Conto: Meu Passado me Condena (parte III)

Leia antes:
Parte I
Parte II

Almoço.
Eu, meu pai, Victor e Mãe Idira estávamos à mesa.
Eu estava torcendo pra meu pai não fazer nenhum comentário sobre os tempos de colégio. Nenhuma pergunta do tipo “ela te contou de quando comprou briga com a professora na sétima série?” pro meu namorado, porque aquele era o tipo de coisa capaz de arruinar a imagem que eu tinha criado pro Victor.
Pelo menos Mãe Idira me entendia. Ela já tinha captado muito bem a mensagem de que, pro Victor e até pra mim mesma, a Karine era uma garota simpática, calma, tímida, esforçada e carinhosa. Durante todo o dia, eu tinha feito o máximo pra fazer meu pai entender isso também.
Mas aparentemente o receptor de mensagens mudas dele está quebrado.
Deve ser por isso que eu não tive (muita) vontade de gritar quando ele respirou fundo e perguntou, olhando do Victor pra mim:
– E ai, o que vocês fizeram até agora?
Mas eu não tive tempo de responder. Na verdade, eu mal pude abrir a boca, porque enquanto eu pensava num jeito bom de colocar as coisas, meu namorado sorriu e respondeu, com aquele poço de educação que lhe cabia:
– Andamos pela cidade, fomos até a escola da Karine, e encontramos com uma amiga dela do colégio.
Nessas horas é bom ter um namorado que não gosta de falar. Mas ao invés disso, eu me apaixonei bem pelo mais extrovertido, educado, paciente e adorável garoto dentro do campus da minha faculdade. Em momentos desesperadores, eu quase me arrependia pelo meu coração tê-lo escolhido. Quase.
– Ah, é mesmo? – meu pai disse, animado. Eu lancei um olhar desesperador na direção de Mãe Idira, mas ela tinha se levantado pra pegar água – Quem?
– Ana… Aninha… amor, qual era o nome dela?
Por que ele tinha que me trazer pra dentro daquela conversa?

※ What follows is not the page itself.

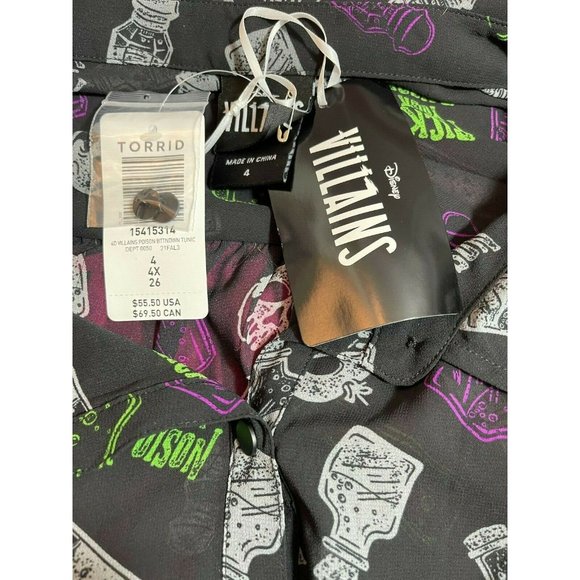 Torrid Disney Villains Plus 4 Black Button Down Poison Graphic 3/4 Sleeve Top - Picture 6 of 6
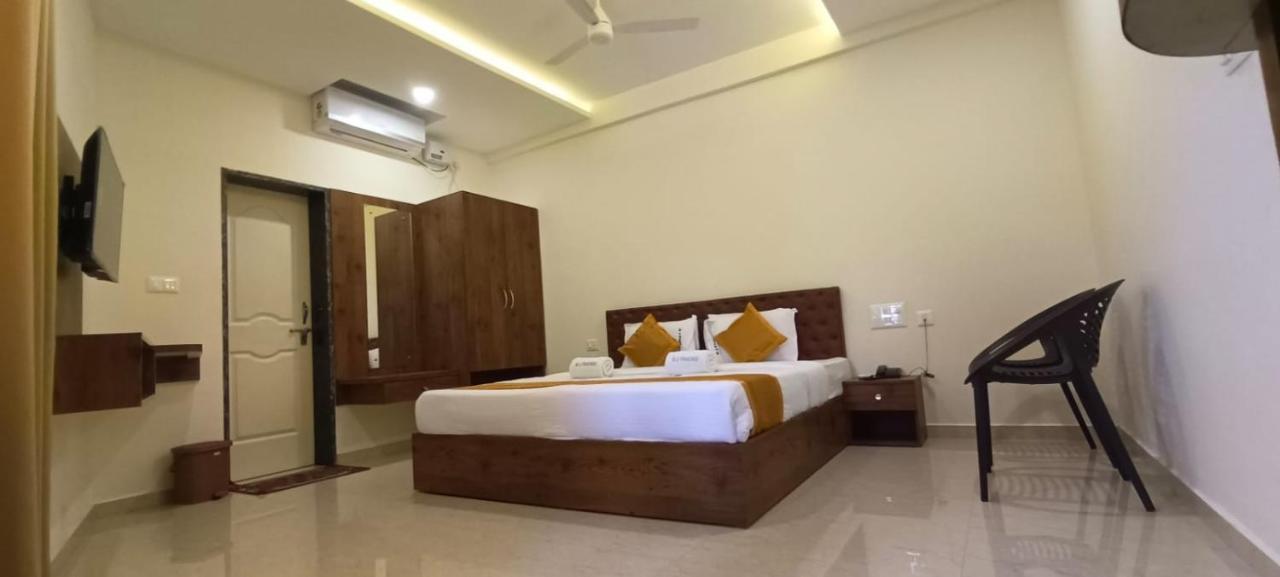 Hotel Rajdhani Mangalore Exterior foto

– Anita. – respondi, tentando não ficar vermelha. De raiva ou de vergonha eu já não sabia bem.
– Anita Martins? – meu pai me perguntou. Eu concordei com a cabeça – Aquela moça é uma perdida. Dizem por ai que só vive em festas e bebendo, que chega a cair na rua, vergonha da família!
– Ela realmente não parecia muito bem. – Victor concordou, antes de pegar mais um pouco de feijão.
– E no colégio não era nada melhor! – meu pai continuou – Eu nunca entendi como você conseguiu ser amiga dela. Um mau exemplo daqueles. – e olhou pra mim.
Ah, pai, se você soubesse…
Mas então, Mãe Idira veio ao meu resgate, sentando à mesa e perguntando:
– Gostou da comida, Victor?
– Muito boa, Idira. – ele sorriu.
Mas meu pai tem sérios problemas em manter-se quieto. Ele mudou o rumo da conversa, contudo, pra minha felicidade.
– E o que vocês pretendem fazer hoje à noite?
Eu e Victor nos olhamos. Ele deu de ombros.
– Não planejamos nada. – meu namorado respondeu por nós dois. Então meu pai resolveu que sugerir seria uma boa idéia e soltou:
– Por que vocês não vão na festa de carnaval do Yacht Clube? – ele disse. E eu desejei afundar a cabeça no lugar mais próximo – Dançar, encontrar seus amigos? Aposto que tem um monte de gente que você quer que o Victor conheça.
Ah, não, na verdade.
– Eu não sou muito de dançar. – murmurei, só pra descobrir que meu pai se lembrava de algumas coisas que ele não deveria.
– Você adorava dançar quando era mais nova! – ele apontou. Ruborizei, mas mantive os olhos fixos no meu prato.
– Nós estamos cansados da viagem. Acho que seria melhor ficar em casa. – tentei de novo. Mas dessa vez, foi Victor quem me cortou.
– Eu posso agüentar. Não estou tão cansado assim. – ele disse, com um sorriso que só quem pensa que está agradando consegue dar – E vai ser legal encontrar seus amigos. Você não você ninguém há tanto tempo, tenho certeza de que você está com saudades.
Quase engasguei com essa. Dei uma tossidinha, e engoli. Tentei pensar em algo pra dizer, mas não conseguia. Eu não queria que parecesse que eu estava fugindo de alguma coisa – porque eu estava. Fugindo aos gritos, na verdade. Fugindo pra sempre, ou enquanto eu pudesse.
De preferência pra sempre.
Então eu respirei fundo, forcei um sorriso e concordei, dizendo:
– Então vamos. Vai ser legal.
Na verdade não vai ser legal. Não vai ser nada legal. Eu tenho certeza absoluta.